Week 1
1 Ben je in staat om verschillende juridische kernbegrippen, indelingen en
onderscheidingen te benoemen en te herkennen in een concrete casus. Daarbij gaat het
met name om:
positief recht en wenselijk recht
objectief recht en subjectief recht
internationaal en nationaal recht
publiek- en privaatrecht
dwingend en aanvullend recht
formeel en materieel recht
Positief recht is het recht zoals je dat in je wettenbundel vind, zoals het recht nu is. Wenselijk, ook
wel normatief recht, is wat recht zou moeten zijn, het is datgene waar rechtsfilosofen zich mee
bezig houden. Dat recht is ons ideale recht, een utopisch beeld.
Objectief recht is een wet. Subjectief recht is een recht welke aan een objectieve wet ontleent
wordt. In het Engels is het duidelijker: Objectief is Law en Subjectief is Right.
Nationaal recht is het recht dat binnen, in dit geval onze, landsgrenzen geldt. Internationaal recht
is het recht dat daarbuiten geldt, en gaat over de verhouding tussen bijvoorbeeld landen
onderling. De wet van het internationale recht zijn onder andere verdragen, denk aan het EVRM.
Publiekrecht is het recht dat regels tussen burger en overheid (een gezagsrelatie dus) & overheid
en overheid. Het publiekrecht gaat over algemeen belang. Privaatrecht gaat over recht dat tussen
twee privaatrechtelijke personen geldt, dit kunnen burgers zijn, maar ook bijvoorbeeld bedrijven.
Dit recht is voor individueel belang, er is geen gezagsrelatie.

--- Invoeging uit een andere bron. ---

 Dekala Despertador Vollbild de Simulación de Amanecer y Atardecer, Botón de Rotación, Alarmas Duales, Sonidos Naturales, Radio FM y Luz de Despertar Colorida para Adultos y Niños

Dwingend recht is het recht waar betrokkenen niet vanaf mogen wijken. Bij aanvullend recht mag
dit wel. Aanvullend recht is vooral bedoeld om een houvast te geven, als er bijvoorbeeld geen
testament is opgesteld. De regels van het aanvullende recht regelen dan de verdeling. Dwingend
recht betreft bijvoorbeeld verkeersregels, die mag je niet enkel respecteren als het je uitkomt.
Materieel recht is het inhoudelijke recht: ze geven aan welke rechten, plichten en bevoegdheden
een burger aan de regel kan ontlenen, de inhoud van de regel dus. Formeel recht gaat over de
regels waarmee het materiële recht gehandhaaft dient te worden. Een voorbeeld: een
verkeersregel is materieel recht. Hoe de handhaving met jou moet omgaan als je een
verkeersregel breekt (bijv hoe ze je dienen te arresteren) is formeel recht.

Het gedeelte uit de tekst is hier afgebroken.